Ingredients: |
Ingredients: 2 skinless, boneless chicken breast halves Paprika 9 uncooked lasagna noodles 2 cubes chicken bouillon 1/2 cup hot water 1 (8 ounce) package and 1 (4 ounce) package cream cheese, softened 4 cups shredded mozzarella cheese 1 and 1/2 jars spaghetti sauce (about 40 ounces total)
|
Directions: |
Directions:1. Bring a large pot of lightly salted water to a boil. Cook lasagna noodles for 8-10 minutes, or until al dente. Drain, rinse with cold water, and set aside.

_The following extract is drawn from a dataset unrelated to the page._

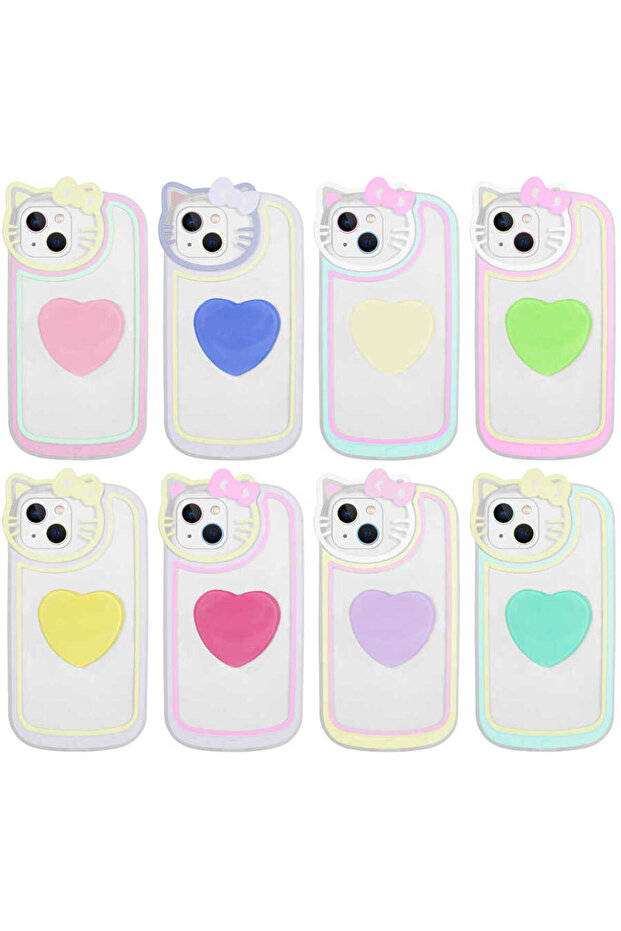 حافظة SAFA المتناغمة متوافقة مع هاتف iPhone 13 مع شكل قطة وحامل شفاف - لون فيروزي - 2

2. Meanwhile, place the chicken in a saucepan with enough water to cover, and bring to a boil. I add paprika to the chicken once the water cooks down a little bit. Cook for 20 minutes, or until no longer pink and juices run clear. Remove from saucepan, and shred. (My version of "shredding" is cutting the chicken into very small pieces.)
3. Preheat oven to 350 degrees F (175 degrees C). Dissolve the 2 bouillon cubes in hot water. In a large bowl, mix the chicken with the bouillon, cream cheese, and 2 cups of mozzarella cheese.
4. Spread about 1/4 of the spaghetti sauce in the bottom of your baking dish. Take 3 of your lasagna noodles and put them on top of the sauce. Take about half of the chicken/cheese mixture and spread that on top of the noodles. Put another 1/4 of the spaghetti sauce on top of that. Take 3 more of your lasagna noodles and put them on top of the spaghetti sauce. Spread the remaining chicken/cheese mixture on top of those noodles. Put another 1/4 of the spaghetti sauce on top of that. Take the remaining 3 lasagna noodles and put them on top of the spaghetti sauce. Spread the remaining spaghetti sauce on top of those noodles. Sprinkle the remaining mozzarella cheese (2 cups) on top of that. Cover with aluminum foil.
5. Bake for 45 minutes in the preheated oven.